3. RECOMENDAÇÕES As principais medidas a serem tomadas, para solucionar os problemas ambientais da região fluminense, que englobam os municípios banhados pelo Paraíba do Sul são: ⇒ Ampliar as redes de coleta e despejo de esgotos municipais, destinando-os a sistemas de tratamentos adequados, antes do lançamento aos cursos d’água; ⇒ Evitar lixões em áreas próximas aos cursos d’água, várzeas, zonas de recargas e zonas favoráveis à perfuração de poços, destinando os resíduos aos sistemas legalmente aprovados e em boas condições de operação e manutenção; ⇒ Obter uma fiscalização ambiental mais eficiente dos despejos líquidos industriais (metais pesados), nos despejos domésticos, dos portos de areia, desmatamentos, etc.. A sociedade deve ser informada dos problemas ambientais e buscar formas de participação na solução dos problemas apresentados; ⇒ Oficializar, protocolar e acompanhar os procedimentos dos órgãos fiscalizadores.

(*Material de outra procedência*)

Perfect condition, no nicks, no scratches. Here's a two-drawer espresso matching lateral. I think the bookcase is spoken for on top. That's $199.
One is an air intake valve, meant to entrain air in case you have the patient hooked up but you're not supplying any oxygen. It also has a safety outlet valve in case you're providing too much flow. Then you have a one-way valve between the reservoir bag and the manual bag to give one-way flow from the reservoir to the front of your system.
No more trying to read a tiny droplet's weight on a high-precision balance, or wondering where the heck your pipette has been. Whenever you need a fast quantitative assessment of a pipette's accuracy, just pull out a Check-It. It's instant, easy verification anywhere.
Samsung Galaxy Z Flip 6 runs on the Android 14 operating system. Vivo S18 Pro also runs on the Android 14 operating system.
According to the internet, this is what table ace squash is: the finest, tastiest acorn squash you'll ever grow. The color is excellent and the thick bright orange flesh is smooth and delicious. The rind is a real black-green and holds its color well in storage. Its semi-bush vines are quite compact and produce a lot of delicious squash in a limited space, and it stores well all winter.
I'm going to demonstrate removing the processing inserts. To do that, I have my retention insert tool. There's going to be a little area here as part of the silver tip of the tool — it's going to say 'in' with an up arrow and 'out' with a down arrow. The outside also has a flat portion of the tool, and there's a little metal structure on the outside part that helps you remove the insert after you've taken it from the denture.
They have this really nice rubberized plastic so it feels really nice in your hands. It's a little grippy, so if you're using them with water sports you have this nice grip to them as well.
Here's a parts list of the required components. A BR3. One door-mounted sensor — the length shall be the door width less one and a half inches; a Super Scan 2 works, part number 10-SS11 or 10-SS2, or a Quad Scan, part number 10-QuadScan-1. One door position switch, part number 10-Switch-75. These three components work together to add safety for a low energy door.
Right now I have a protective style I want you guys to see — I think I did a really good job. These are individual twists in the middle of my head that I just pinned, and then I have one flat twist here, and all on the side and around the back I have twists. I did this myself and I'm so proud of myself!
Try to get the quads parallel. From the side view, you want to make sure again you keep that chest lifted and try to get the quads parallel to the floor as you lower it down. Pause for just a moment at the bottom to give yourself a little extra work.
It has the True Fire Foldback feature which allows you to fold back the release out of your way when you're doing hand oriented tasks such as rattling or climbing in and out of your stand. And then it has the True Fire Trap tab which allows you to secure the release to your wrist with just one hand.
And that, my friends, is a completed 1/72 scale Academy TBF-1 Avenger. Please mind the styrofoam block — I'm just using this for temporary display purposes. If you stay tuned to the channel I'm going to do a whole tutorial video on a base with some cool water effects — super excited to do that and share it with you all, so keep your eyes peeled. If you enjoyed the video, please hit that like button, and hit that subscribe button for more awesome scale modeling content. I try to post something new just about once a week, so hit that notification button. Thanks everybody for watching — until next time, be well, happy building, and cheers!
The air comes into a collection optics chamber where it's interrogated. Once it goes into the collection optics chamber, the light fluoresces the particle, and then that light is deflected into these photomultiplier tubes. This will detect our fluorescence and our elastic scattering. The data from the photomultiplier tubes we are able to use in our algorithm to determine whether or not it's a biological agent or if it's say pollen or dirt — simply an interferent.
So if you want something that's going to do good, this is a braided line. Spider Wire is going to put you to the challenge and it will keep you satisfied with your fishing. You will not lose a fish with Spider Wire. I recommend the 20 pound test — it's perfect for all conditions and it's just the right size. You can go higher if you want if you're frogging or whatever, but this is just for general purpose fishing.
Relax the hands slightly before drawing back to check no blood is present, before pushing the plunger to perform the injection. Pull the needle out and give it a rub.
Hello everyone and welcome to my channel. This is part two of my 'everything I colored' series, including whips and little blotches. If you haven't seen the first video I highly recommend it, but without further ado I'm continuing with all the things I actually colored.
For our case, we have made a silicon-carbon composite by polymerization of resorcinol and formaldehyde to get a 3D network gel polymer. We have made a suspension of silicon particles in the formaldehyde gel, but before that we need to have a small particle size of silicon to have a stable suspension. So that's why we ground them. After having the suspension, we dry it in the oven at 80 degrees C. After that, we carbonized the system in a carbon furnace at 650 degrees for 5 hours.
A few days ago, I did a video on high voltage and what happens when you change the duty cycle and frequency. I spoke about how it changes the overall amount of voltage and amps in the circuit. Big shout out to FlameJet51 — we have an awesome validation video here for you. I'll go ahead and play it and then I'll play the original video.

Pode-se, de acordo com a gravidade do caso, oficializar ao Ministério Público, para uma ação judicial contra a agressão ao meio ambiente, denunciando, também, aos meios de comunicação e às ONGs – Organizações Não Governamentais Ambientalistas. Com isso, objetiva-se a criação de um sistema de gestão ambiental, um canal para discussão de políticas públicas municipais na área do meio ambiente, estimulando a troca de experiências e investimentos na capacitação dos agentes municipais. Como conseqüência natural de toda essa agressão ambiental, o Rio Paraíba do Sul, na sua foz, apresenta-se doente causando sérios problemas ambientais na praia de Atafona – RJ.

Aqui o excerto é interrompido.